#### Items from a dataset
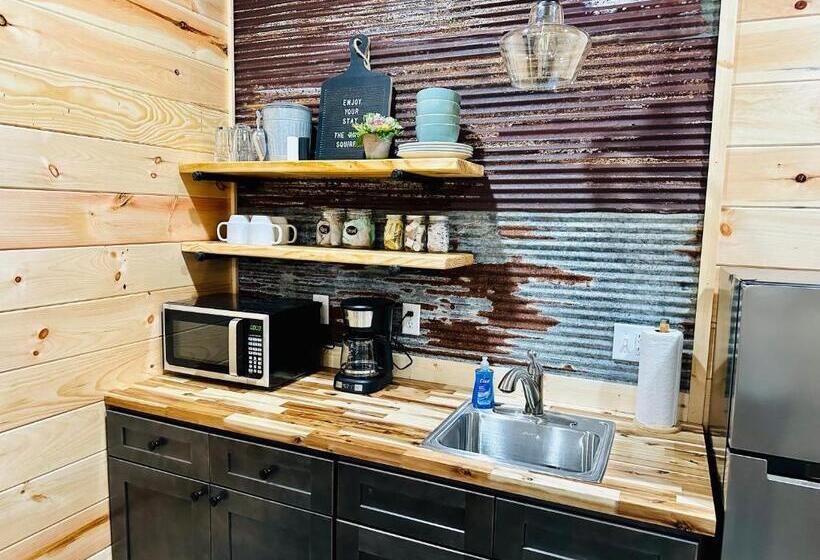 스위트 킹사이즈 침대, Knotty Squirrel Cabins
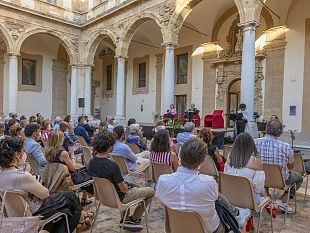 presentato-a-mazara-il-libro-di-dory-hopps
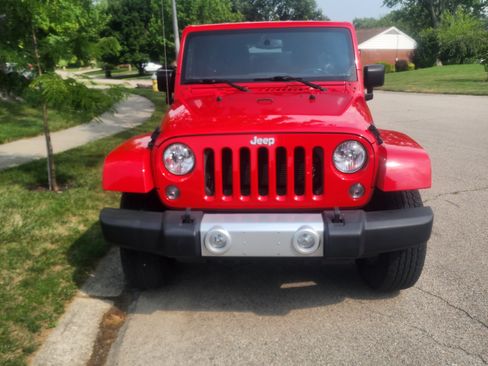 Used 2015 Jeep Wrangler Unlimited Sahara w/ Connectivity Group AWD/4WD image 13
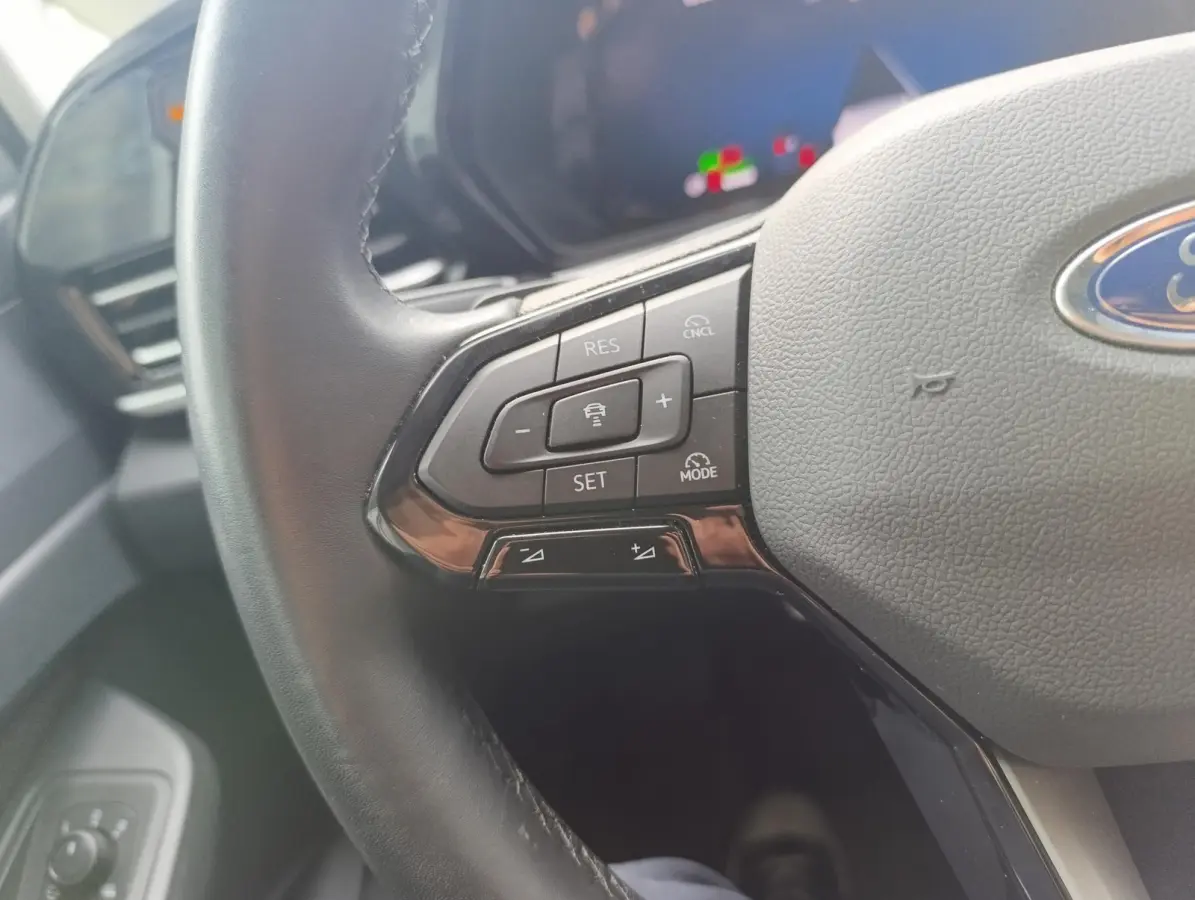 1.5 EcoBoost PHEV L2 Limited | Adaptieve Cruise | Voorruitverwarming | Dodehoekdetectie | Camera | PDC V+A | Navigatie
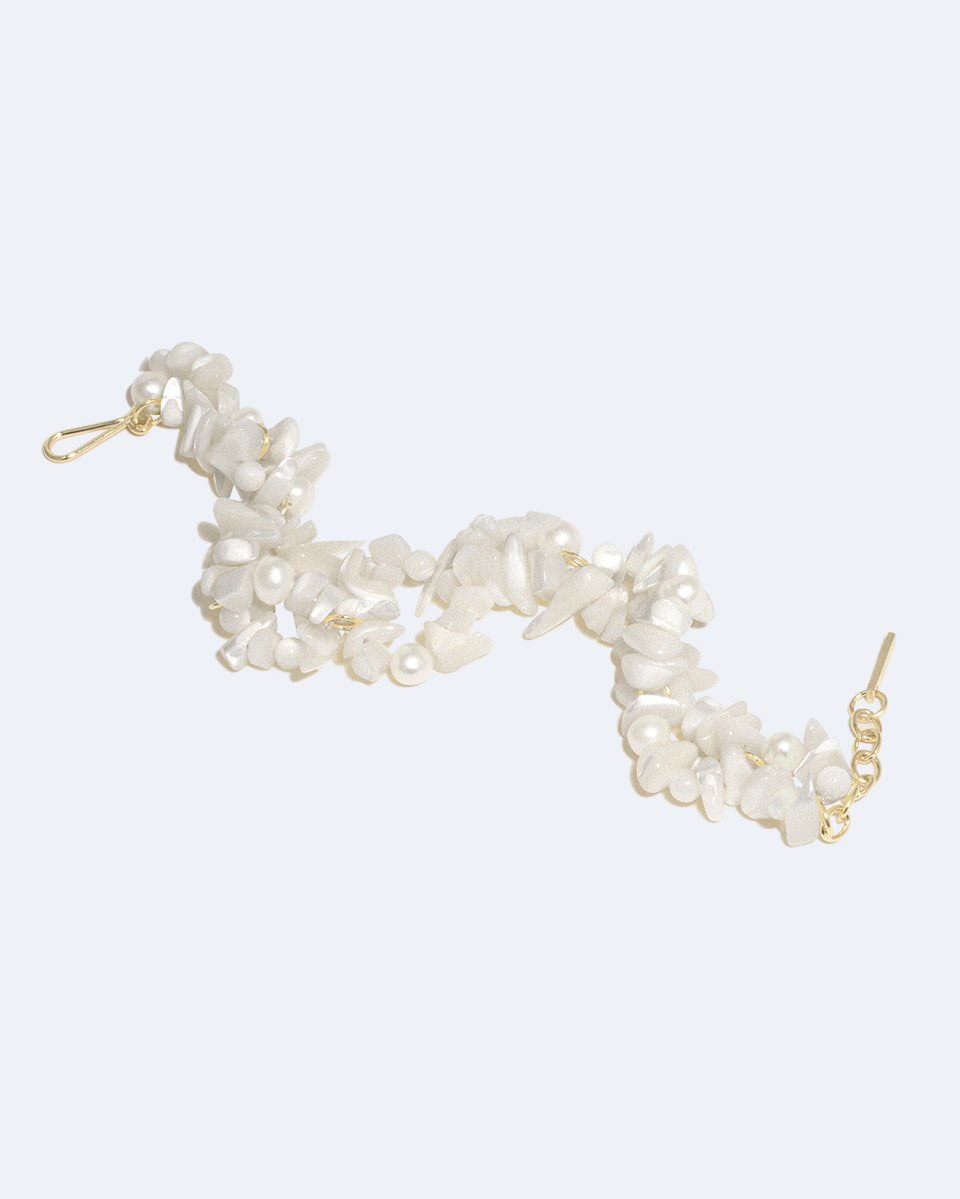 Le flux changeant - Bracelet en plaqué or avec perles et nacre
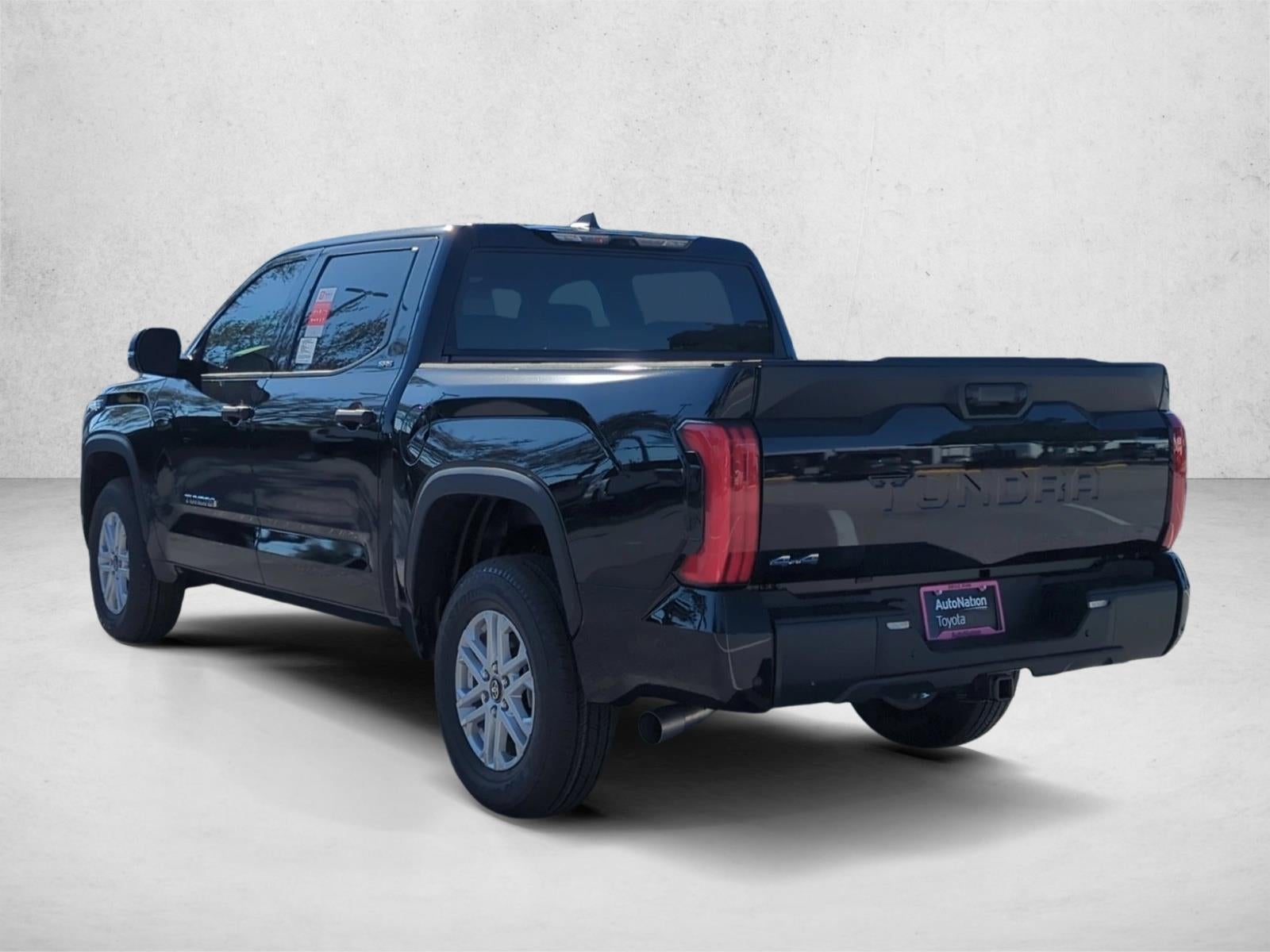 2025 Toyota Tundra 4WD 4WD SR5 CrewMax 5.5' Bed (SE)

#### WORK REQUIRED
Each line from the one containing "1.5 EcoBoost PHEV" down to the final line of the records above must be reproduced exactly; no pictures go into the copy.

#### SOLUTION FOR THIS PROBLEM
 1.5 EcoBoost PHEV L2 Limited | Adaptieve Cruise | Voorruitverwarming | Dodehoekdetectie | Camera | PDC V+A | Navigatie
 Le flux changeant - Bracelet en plaqué or avec perles et nacre
 2025 Toyota Tundra 4WD 4WD SR5 CrewMax 5.5' Bed (SE)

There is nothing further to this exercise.